- _WHAT IS BEING ASKED_: Copy out the data word for word, without any of its pictures.

══ INPUT FOR THIS TASK

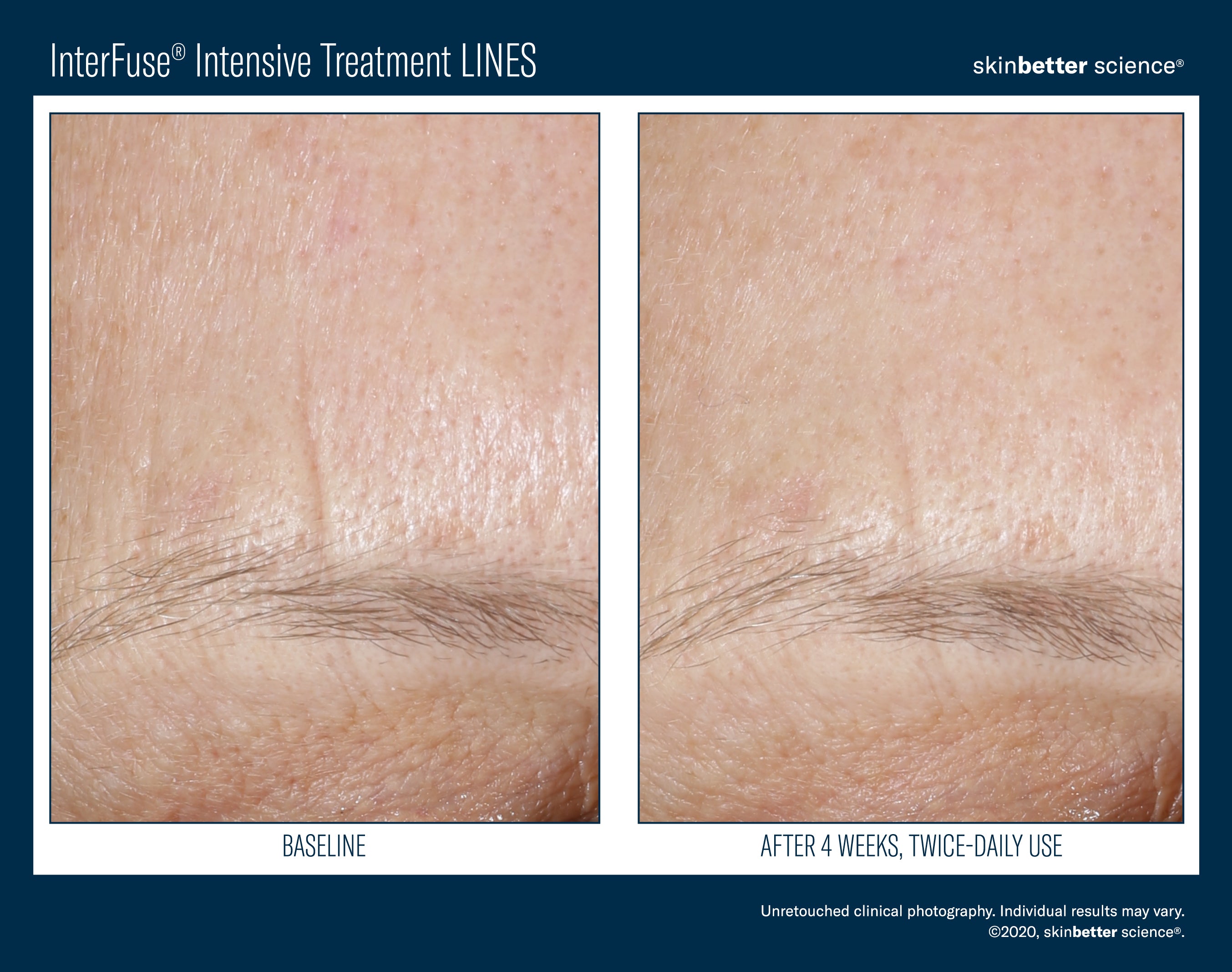 SkinBetter Science InterFuse Intensive Treatment Lines (1 oz).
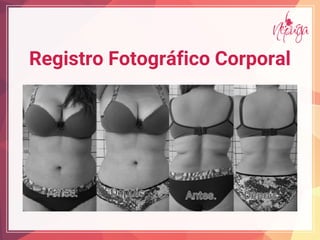 Registro Fotográfico Corporal
 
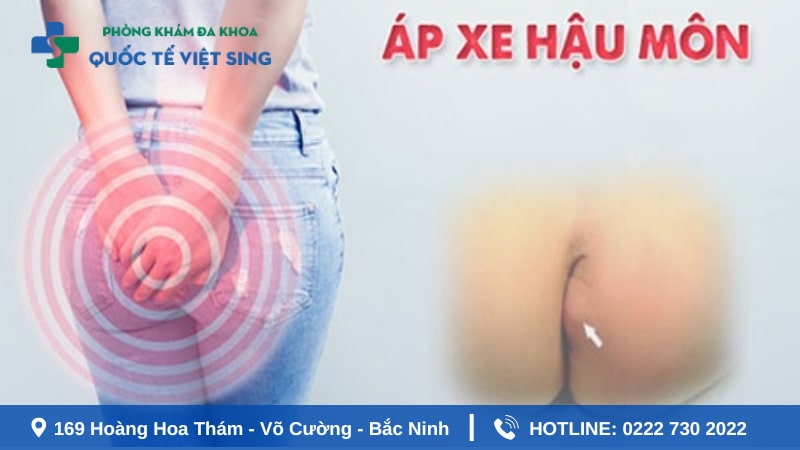Áp xe hậu môn là gì?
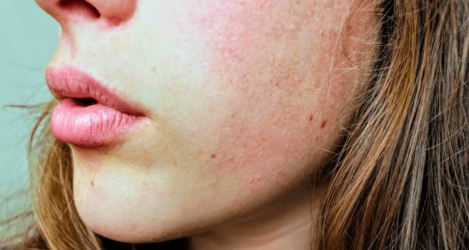 How to Boost Your Skin&rsquo;s Health and Quality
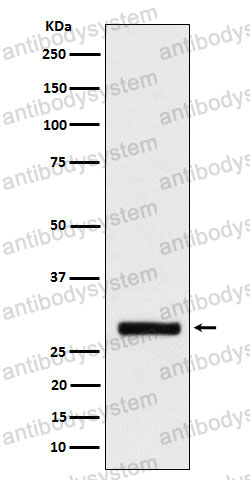 Anti-BRMS1 Antibody (R2R39)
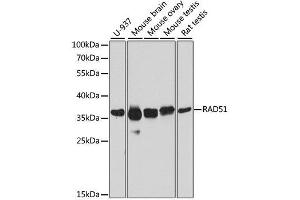 Western blot analysis of extracts of various cell lines, using RAD51 antibody. (RAD51 Antikörper  (AA 50-150))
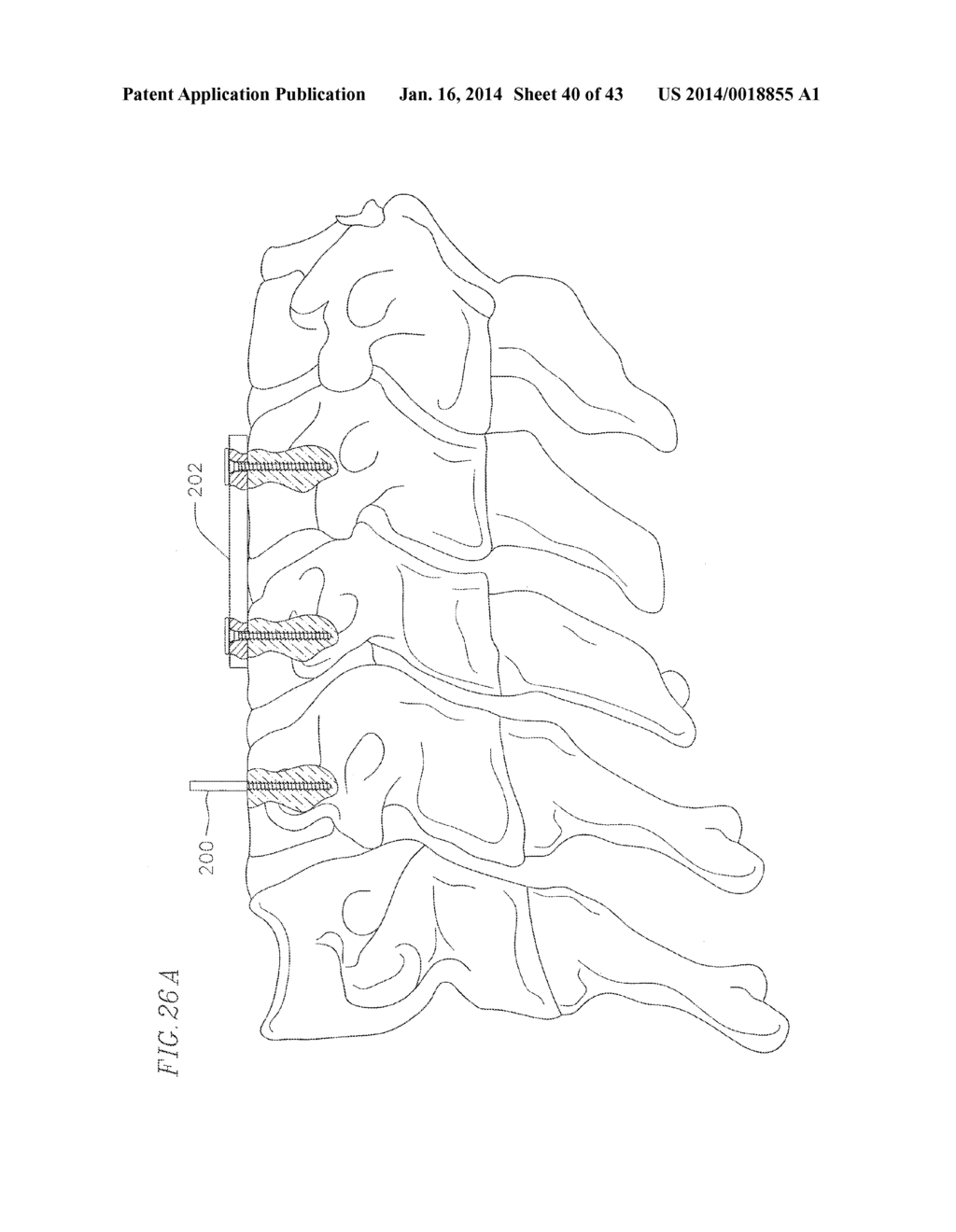 REVISABLE ANTERIOR CERVICAL PLATING SYSTEM - diagram, schematic, and image 41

════

- _YOUR SOLUTION_:
 SkinBetter Science InterFuse Intensive Treatment Lines (1 oz).
 Registro Fotográfico Corporal
 
Áp xe hậu môn là gì?
 How to Boost Your Skin&rsquo;s Health and Quality
 Anti-BRMS1 Antibody (R2R39)
 Western blot analysis of extracts of various cell lines, using RAD51 antibody. (RAD51 Antikörper  (AA 50-150))
 REVISABLE ANTERIOR CERVICAL PLATING SYSTEM - diagram, schematic, and image 41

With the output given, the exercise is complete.